Brown Institute for Media Innovation
- Other names: The David and Helen Gurley Brown Institute for Media Innovation
- Type: Joint research program
- Established: 2012
- Parent institution: Stanford University School of Engineering
- Director: Maneesh Agrawala and Mark Hansen; Bernd Girod (2012–2015)
- Language: English

= Brown Institute for Media Innovation =

US journalism research center

The Brown Institute for Media Innovation is a research institute that funds projects at the intersection of journalism and technology. It is a joint initiative between the Stanford University School of Engineering and the Columbia University Graduate School of Journalism. The Brown Institute funds research through awarding annual "Magic Grants" to projects which develop applications that create technologies that foster journalistic pursuit, and through direct support to several Brown Fellows at both institutions. The official name of the program is The David and Helen Gurley Brown Institute for Media Innovation, although it is commonly referred to as the Brown Institute.

==History==

The institute was created in 2012 following a $30 million endowment made to Stanford University and Columbia Universities by Helen Gurley Brown.

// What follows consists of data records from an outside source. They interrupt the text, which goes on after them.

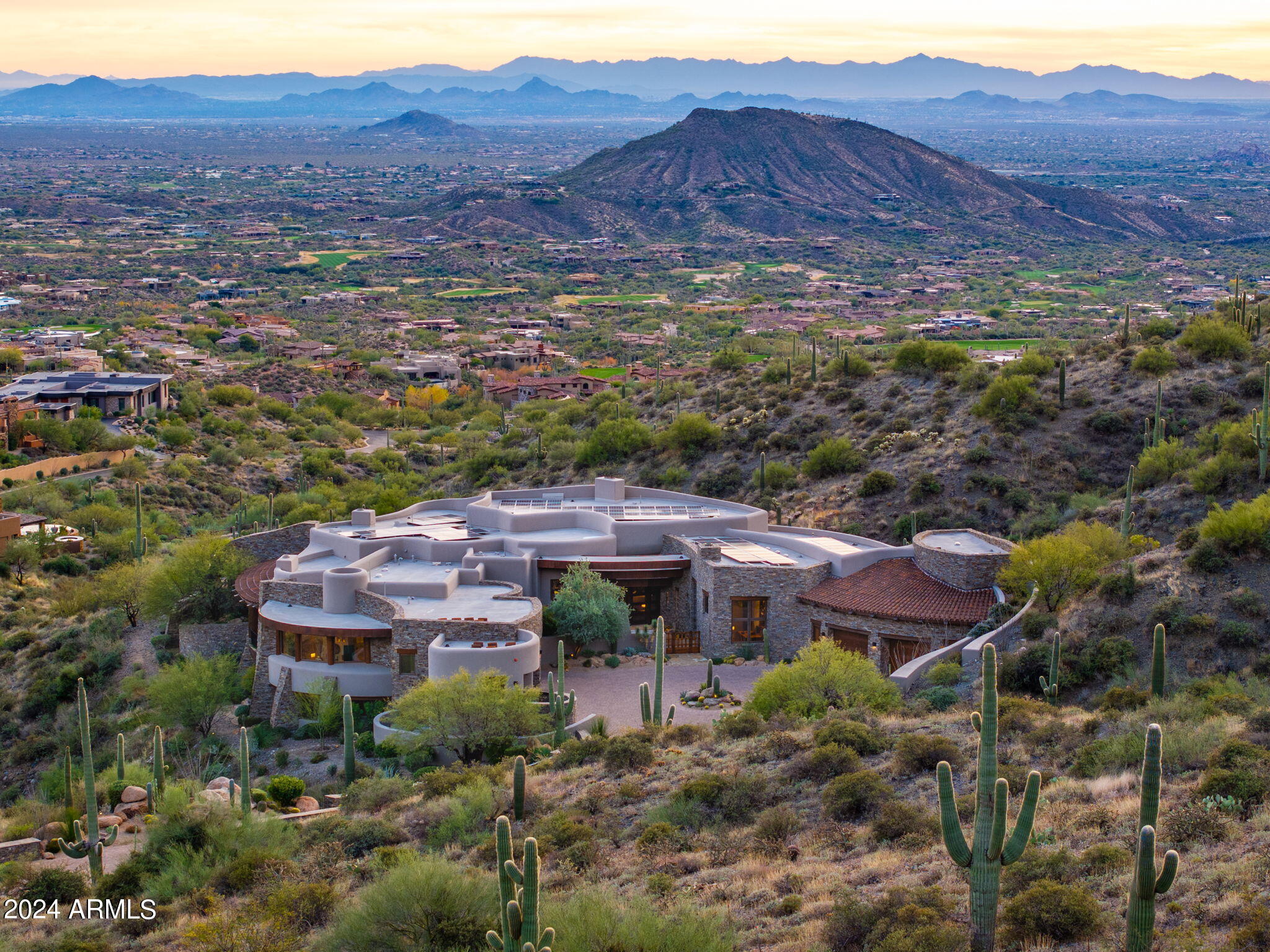 GOLF MEMBERSHIP AVAILABLE. Discover the jaw dropping views and the pinnacle of luxury living in this exquisite custom home, masterfully designed by renowned architect Lee Hutchison. Nestled on a sprawling 9.9 acre lot in the upper village of Saguaro Forest within the prestigious guard gated Desert Mountain golf community, this modern organic pueblo inspired home featuring stone walls has a curvilinear design with 360 degrees of awe-inspiring mountain scenery with Pinnacle Peak as the stunning centerpiece. Enjoy picturesque sunrises/sunsets, spectacular moonrises, distant golf course views and evenings full of sparkling Valley lights. Step inside to the open great room, an entertainer's dream with a gas fireplace, custom crafted Az ash wood bar and a beamed ceiling.
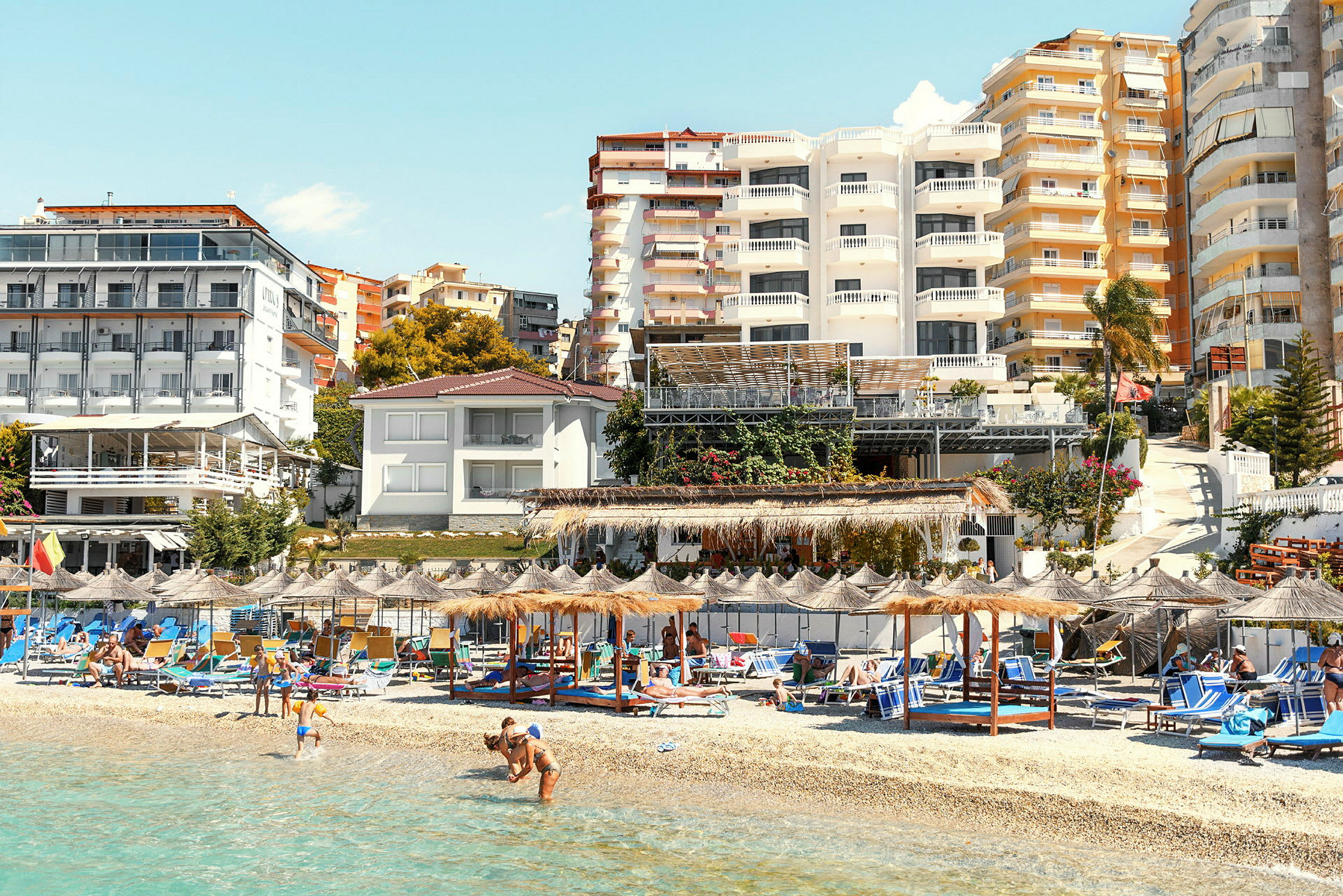 Strand med solstolar och parasoller framför byggnader. (AI-genererad text)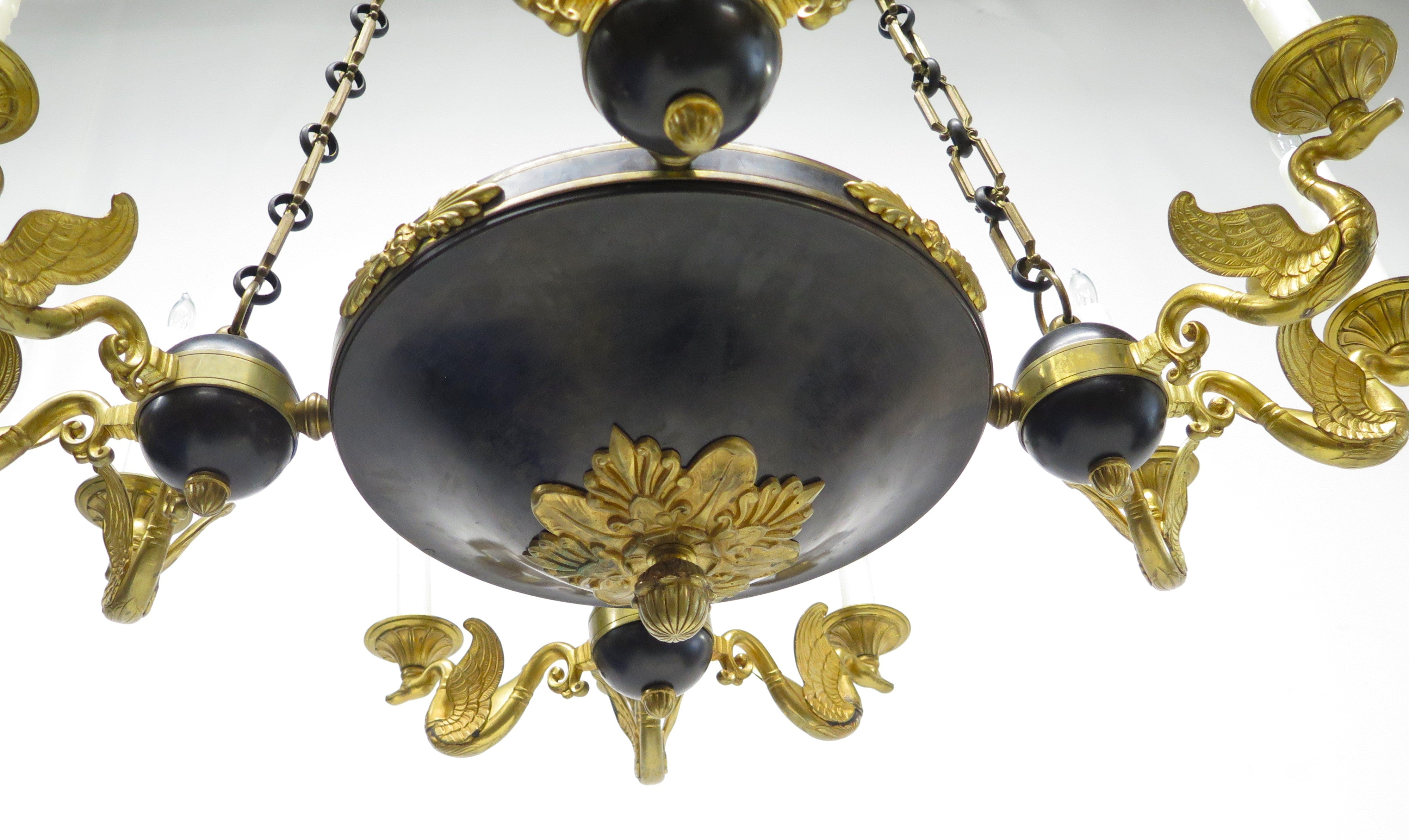 A Charles X Patinated and Gilt Metal Twelve Light Chandelier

Gurley Brown, an author, publisher, and businesswoman, who served as editor-in-chief of Cosmopolitan magazine for over three decades, partially endowed the institute in memory of her husband, David Brown, who produced the films Jaws, The Sting, and The Verdict, among others, and attended both Stanford and Columbia. Speaking of the institute's purpose, Gurley Brown stated, "David and I have long supported and encouraged bright young people to follow their passions and to create original content. Great content needs useable technology. Sharing a language is where the magic happens. It's time for two great American institutions on the East and West Coasts to build a bridge.”
The Brown Institute's directors are Maneesh Agrawala and Mark Henry Hansen. The advisory board consists of Frank A. Bennack Jr., Chief Executive Officer, Hearst Corporation; Eve Burton, Senior Vice President & General Counsel, Hearst Corporation; William Campbell, Chairman of the Board, Intuit, Inc.; Mary Meeker, General Partner, Kleiner, Perkins, Caufield & Byers; and filmmaker Steven Spielberg.